*** Opening EXCERPTED DATA ***

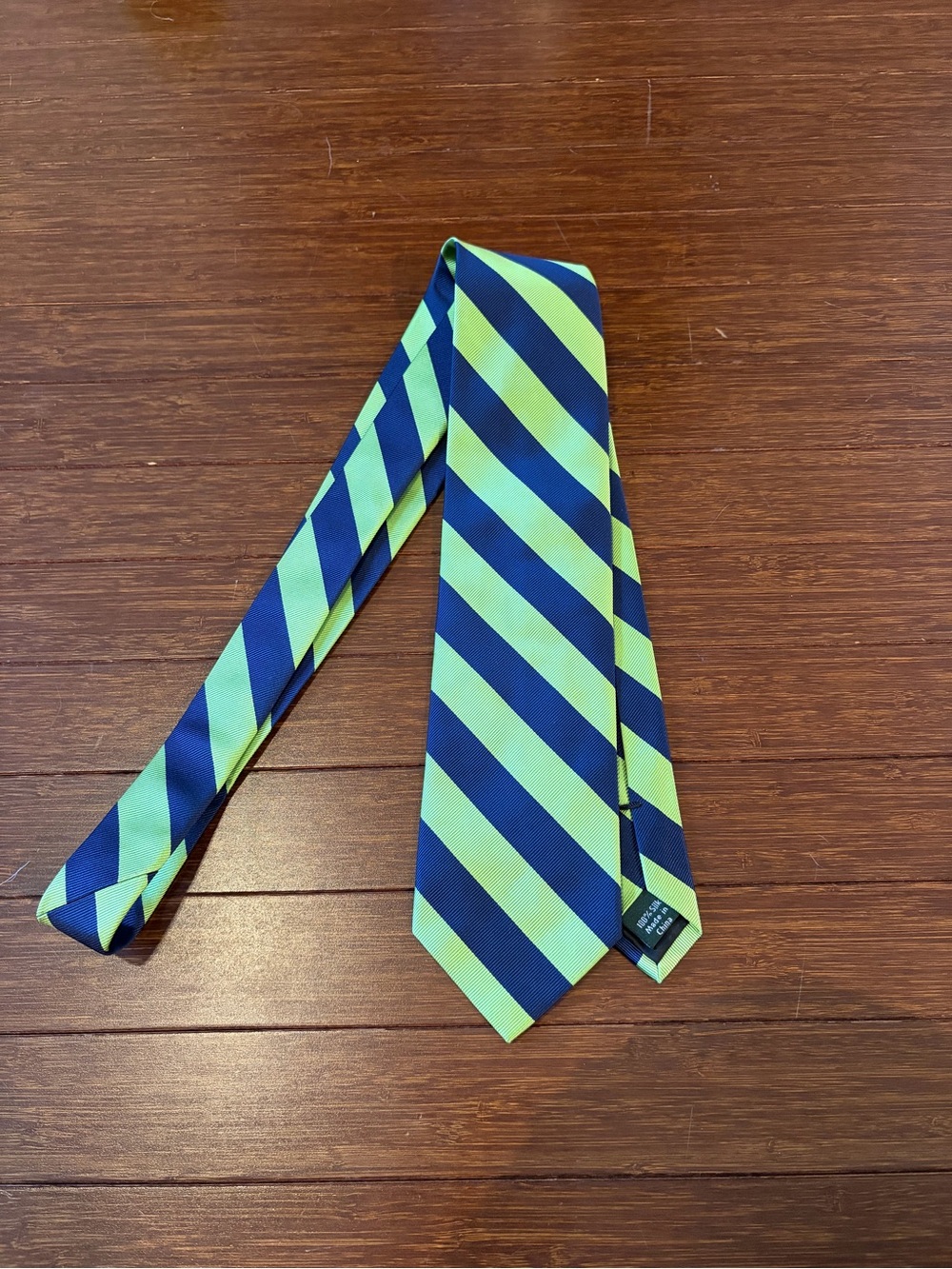 J.Crew 100% Silk Tie Green and Navy Blue Striped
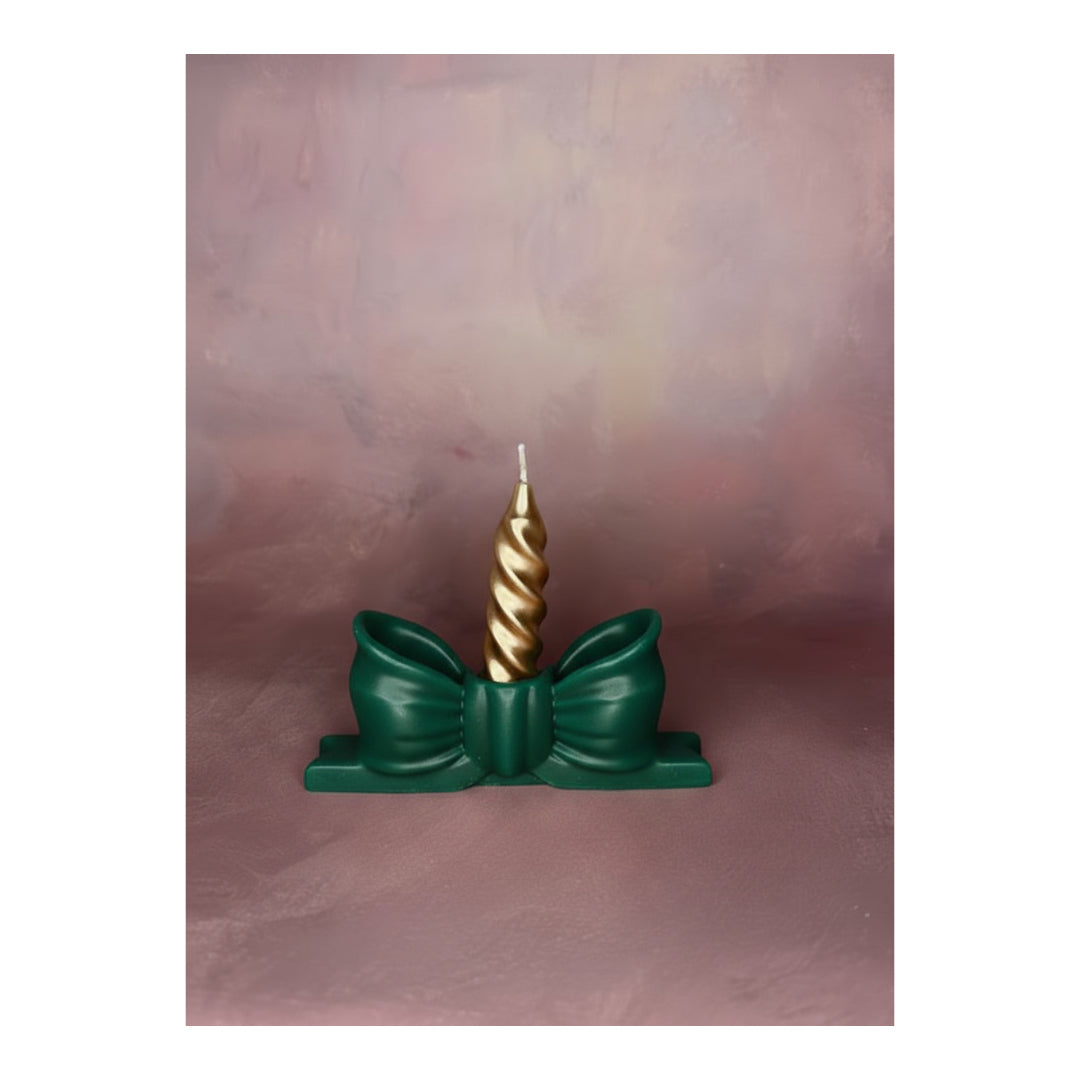 Fiocco di Natale in Cera di Soia con Candela Decorativa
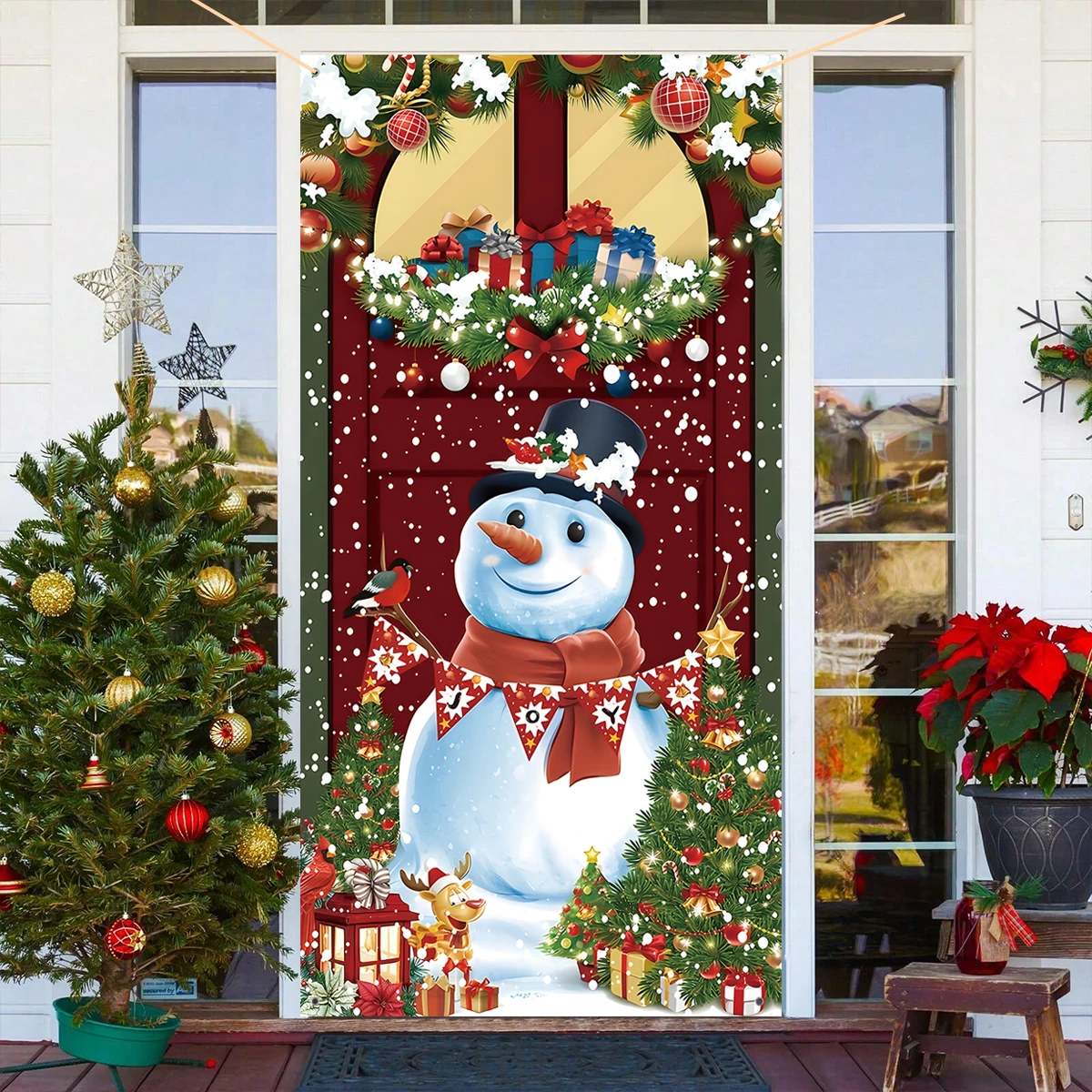 Snowman Christmas Vertical Flag Navidad Natal Noel Tree Door Hanging Pendant Merry Christmas Decor For Home 2024 New Year 2025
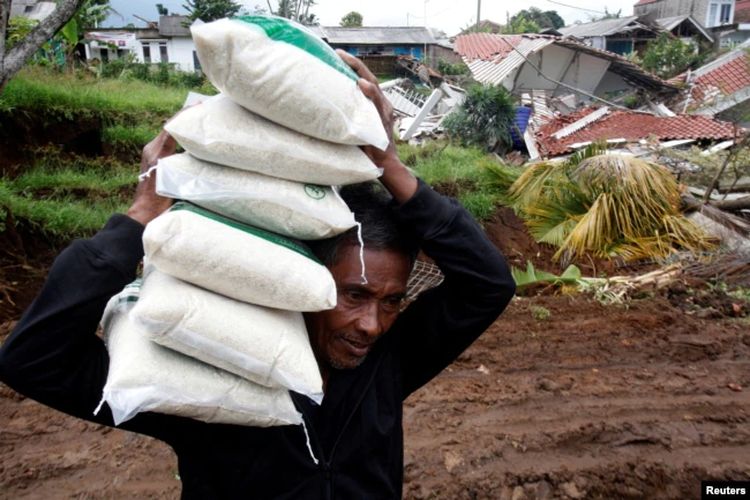 Seorang sukarelawan membopong karung beras untuk dibagikan kepada warga desa yang terdampak gempa di Serampad, Cianjur, Jawa Barat, 26 November 2022.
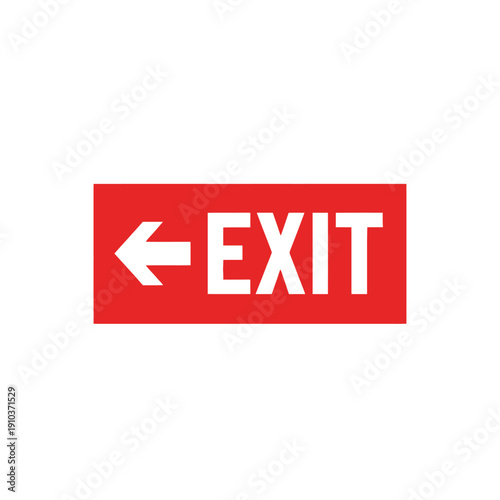 Red Exit Sign with Left Arrow - Safety and Wayfinding Icon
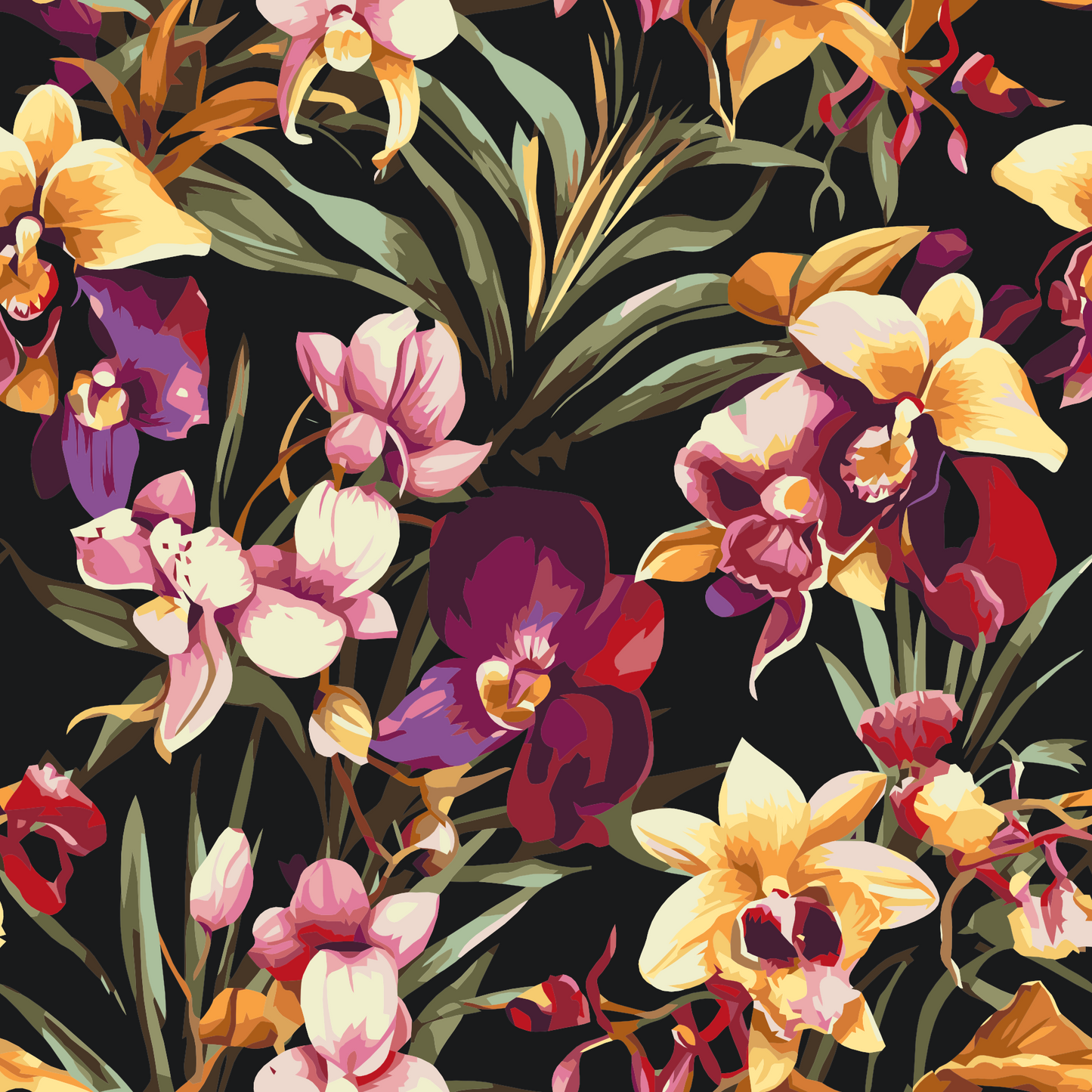 Paint by number - Blomsterbaggrund - orkideer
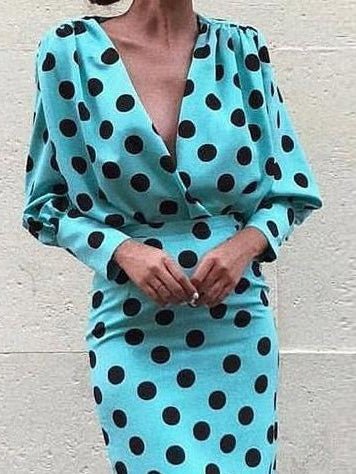 Women's Dresses Polka Dot Print V-Neck Long Sleeve Dress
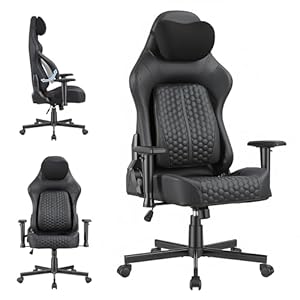 Devoko Gaming Stuhl mit 135° Verstellbarer Rückenlehne & 5-stufiger Lordosenstütze, 2D Armlehnen Ergonomischer Gamer Stuhl für Lange Gaming Sessions, bis 200 kg belastbar, Schwarz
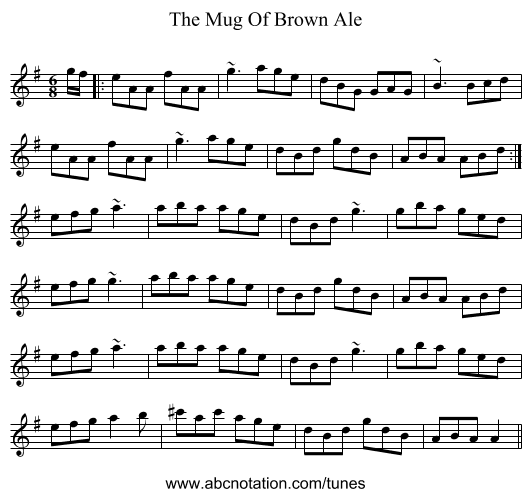The Mug Of Brown Ale - staff notation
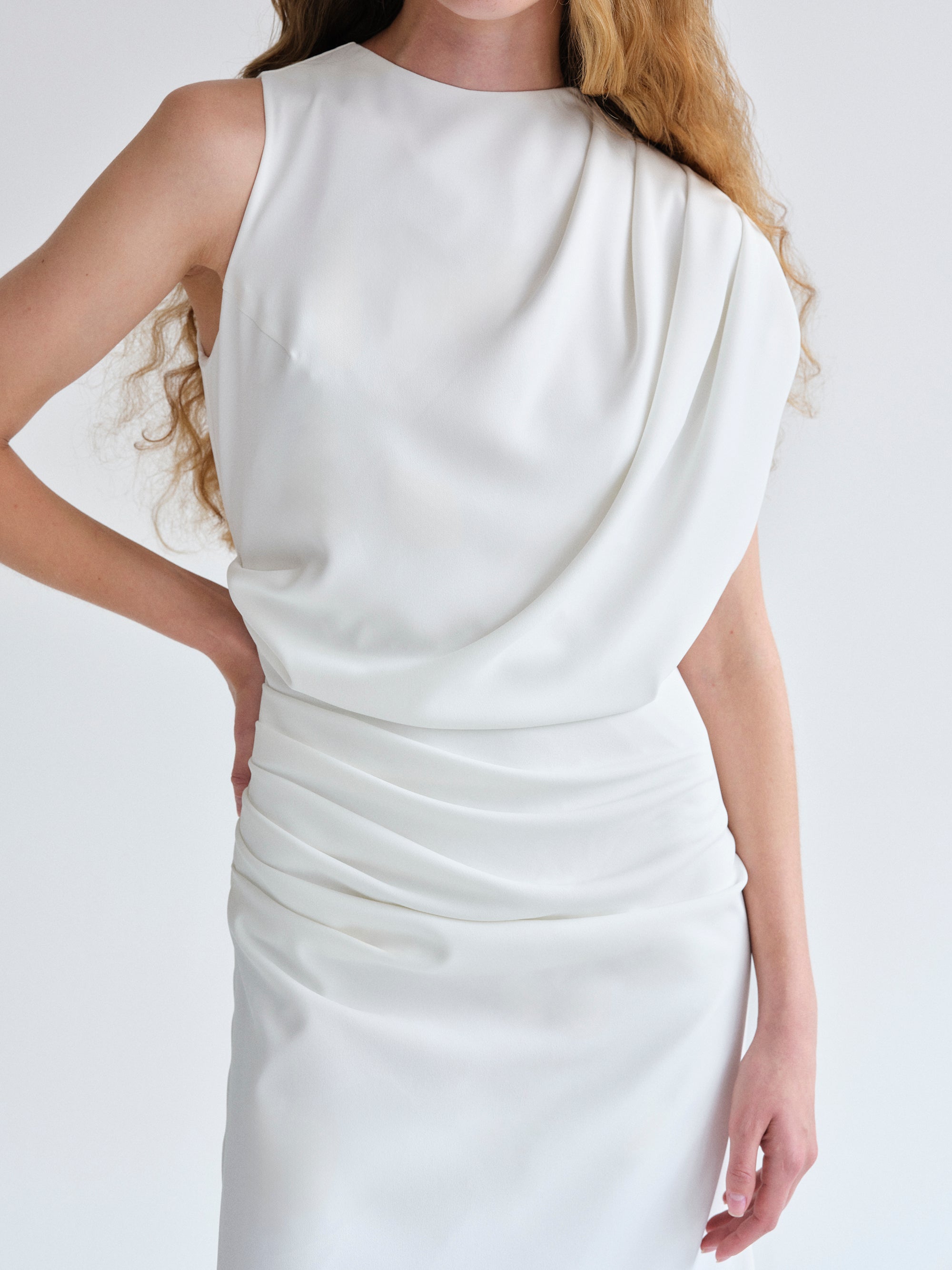 Asymmetric Draped Dress, White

*** Closing EXCERPTED DATA ***

For this exercise, give the listing again exactly as written, with the pictures omitted.

◆ SOLUTION TO THIS EXERCISE:
 J.Crew 100% Silk Tie Green and Navy Blue Striped
 Fiocco di Natale in Cera di Soia con Candela Decorativa
 Snowman Christmas Vertical Flag Navidad Natal Noel Tree Door Hanging Pendant Merry Christmas Decor For Home 2024 New Year 2025
 Seorang sukarelawan membopong karung beras untuk dibagikan kepada warga desa yang terdampak gempa di Serampad, Cianjur, Jawa Barat, 26 November 2022.
 Red Exit Sign with Left Arrow - Safety and Wayfinding Icon
 Paint by number - Blomsterbaggrund - orkideer
 Women's Dresses Polka Dot Print V-Neck Long Sleeve Dress
 Devoko Gaming Stuhl mit 135° Verstellbarer Rückenlehne & 5-stufiger Lordosenstütze, 2D Armlehnen Ergonomischer Gamer Stuhl für Lange Gaming Sessions, bis 200 kg belastbar, Schwarz
The Mug Of Brown Ale - staff notation
 Asymmetric Draped Dress, White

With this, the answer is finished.